Now it’s the cultural heart of Jaffna and home to an astonishing density of kovils (including the Nallur Kandasamy Kovil). With the temple festival kicking into high gear—it ends on September 13 — this might be the best time to also revisit some of the historic sites associated with this ancient kingdom.
Note that we’re telling the stories of these places according to local folklore. There hasn’t been enough research to corroborate the community’s claims about them, but they’re fascinating nonetheless.
1. King Sankili’s Statue
Just a few metres away from the Nallur temple, on the Jaffna–Point Pedro Road, is a gold-plated statue of Jaffna’s last king. The old statue made of plaster of Paris was damaged during the war. The current statue was installed after the war ended in 2009. King Sankili II’s rule ended in 1619, when he was caught and executed by Portuguese invaders. According to local lore, he was not necessarily known to be a popular or benevolent ruler. There are contrasting stories on his claim to the throne and whether he was the previous king’s nephew or his illegitimate son.
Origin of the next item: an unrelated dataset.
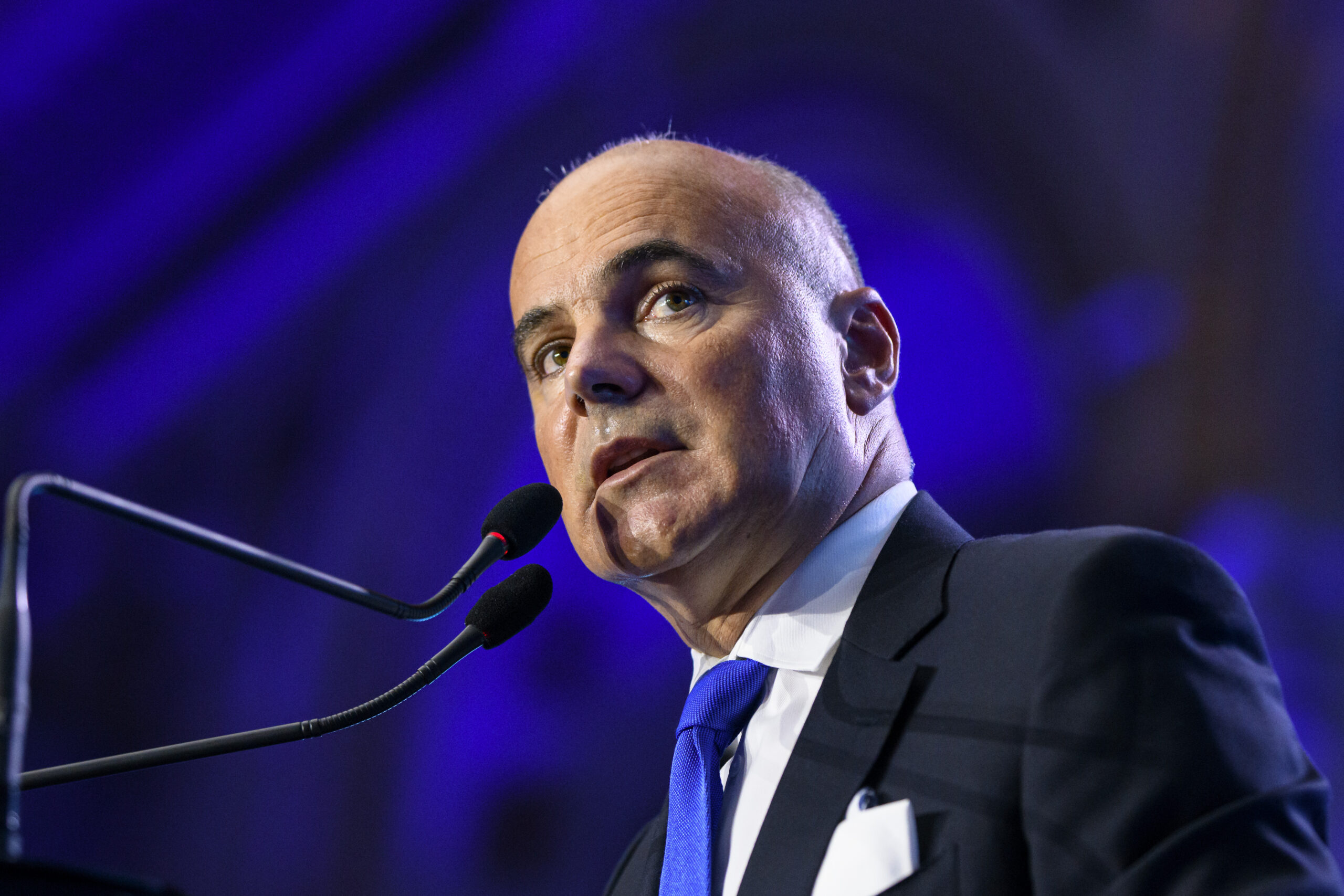 Rareș Bogdan vorbind în Parlamentul European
Either way, he is said to have come to power by killing the legitimate heirs, and annoying the colonial government in Colombo by beheading 600 of Mannar’s local populace who had converted to Christianity. Sankili II is thus better known for the historical fact of being the last king of Jaffna than for his popularity.
2. Palace Arch
The royal palace that Sankili took over has long since been destroyed except for one solitary remnant – the arch to the Palace Gate. That arch alone is still standing – the sole testament to a bygone age, of palace intrigues and forgotten history.
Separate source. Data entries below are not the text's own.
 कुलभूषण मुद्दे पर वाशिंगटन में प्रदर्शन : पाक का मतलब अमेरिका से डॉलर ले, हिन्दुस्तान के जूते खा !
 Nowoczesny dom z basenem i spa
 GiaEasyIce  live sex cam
3. The Queen’s Bathing Tank
According to folklore, the many queens of the Jaffna kingdom and their attendants had a private bathing tank (no longer private) known as the Yamuna Aeri, located behind the palace. Local legend has it there was once a tunnel leading from the palace to the tank so that the ladies, who probably practised purdah could not be spotted by the common people. This tunnel was visible until recent decades, but fears that it could be misused by the LTTE led to it being sealed by the Army.
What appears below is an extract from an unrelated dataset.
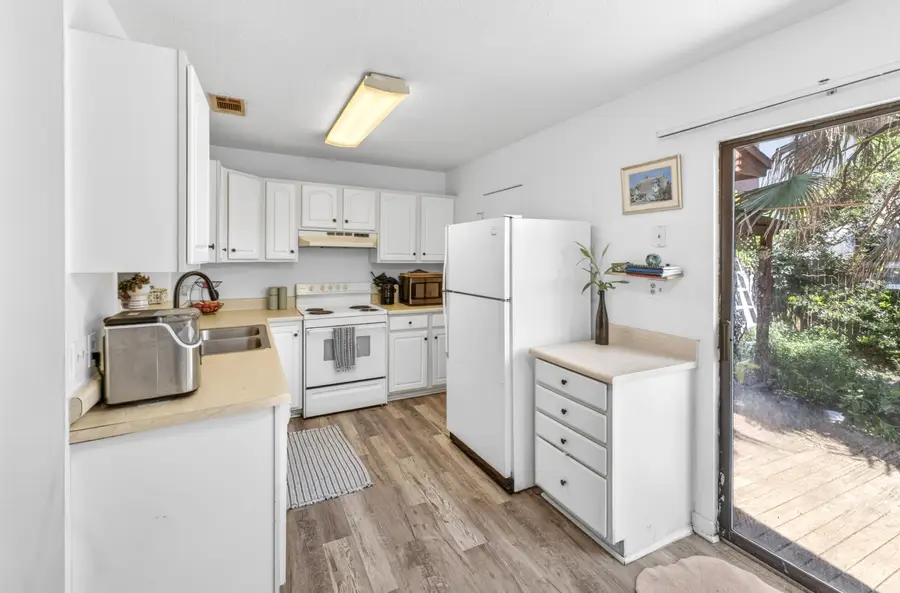 710 Legion Drive #B5, Destin, FL 32541 - #3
4. Manthiri Manai / Minister’s Mansion
Known in Tamil as the manthiri manai or minister’s mansion, this building is in better shape compared to the palace structure. A picturesque and old-worldly home, now overrun with unseemly graffiti, it seems increasingly out of place in urbanised Nallur.
A visible throwback to a bygone era in Jaffna’s history, it is also full of quiet—albeit filthy—nooks, that make it the venue of choice for young lovers. There are rickety steps leading to a possible upstairs, but they are best left unexplored given the general state of disrepair.
The history of the ancient kingdom of Jaffna is obviously deeper than these four pieces, but if you’re wondering around Nallur it’s a compact way to get a sense of what once was. When you’re done you can visit the dueling ice cream empires nearby.